The recent capsule craze took off in 2012 when a segment on The Dr. Oz Show, titled “Cancer-Fighting Supplements,” highlighted black raspberries in capsule form. A guest on the show, Lindsey Duncan, ND, CN, correctly stated that black raspberries contain anthocyanins—potent antioxidant compounds that provide many health benefits. However, Duncan inaccurately described the quantity of black raspberries present in supplement capsules.
“One 300-milligram capsule is equal to four cups of black raspberries,” said Duncan. The truth is, even after the freeze-drying process removes most of the water from the berries, 300 milligrams of freeze-dried black raspberry powder is still only equal to approximately one and a half black raspberries— which is not nutritionally significant, and certainly not close the approximately 320 berries it would take to get to four cups of black raspberries.

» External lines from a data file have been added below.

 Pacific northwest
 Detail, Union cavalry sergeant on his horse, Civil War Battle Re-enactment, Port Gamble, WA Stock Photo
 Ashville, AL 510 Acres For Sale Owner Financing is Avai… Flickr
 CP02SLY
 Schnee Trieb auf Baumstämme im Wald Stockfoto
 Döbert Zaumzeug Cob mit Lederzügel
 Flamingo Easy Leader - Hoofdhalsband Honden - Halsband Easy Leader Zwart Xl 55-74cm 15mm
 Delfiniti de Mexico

To get a nutritional serving of berries according to USDA Guidelines, it would take one half a cup, or approximately 40 black raspberries. For just one nutritional serving, one would have to take twenty-seven (27) 300-milligram capsules. While Duncan stated that, “You want to get it in freeze-dried capsules,” taking freeze-dried black raspberries in capsule form has never been shown in research to have any benefit.
It is also important to note that due to the small amount of freeze-dried black raspberry powder in capsules, it becomes not only hard to consume enough capsules to equal one nutritional serving of black raspberries, but makes them a far more expensive option as well. When purchasing capsules, it can cost well over 200% more for the same amount of black raspberries in powder or extract form.

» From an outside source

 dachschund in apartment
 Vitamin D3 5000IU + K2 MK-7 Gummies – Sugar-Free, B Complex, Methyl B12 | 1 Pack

Placing black raspberry powder in capsules also prevents the beneficial phytonutrients present in black raspberries from coming into direct contact with the tissues of the upper GI tract, limiting the berries’ effectiveness. Instead, unencapsulated black raspberry extracts and freeze-dried powders are the most effective means of consuming black raspberries. They can provide a valid nutritional serving of black raspberries in a form that comes in direct contact with bodily tissues.
Gary Stoner, PhD, Professor of Medicine at the Medical College of Wisconsin Division of Hematology and Oncology, and Professor Emeritus of the Ohio State University James Comprehensive Cancer Center, is one of the world’s leading researchers in black raspberries. Stoner’s research has shown that black raspberry powder may have cancer-protective effects on the tissues it comes in direct contact with, especially those in the mouth, esophagus, and colon. “The evidence that the compounds in black raspberries have a beneficial localized effect is compelling,” said Stoner.
While the small dosages found in black raspberry capsules likely won’t cause any harm, there is currently no scientific research to indicate that black raspberries are effective in such small quantities, or in capsule form.
Black raspberries, not to be confused with blackberries, are almost exclusively grown in Oregon, on the west coast of the United States. They have been studied extensively because of their high concentration of phytonutrients and antioxidants.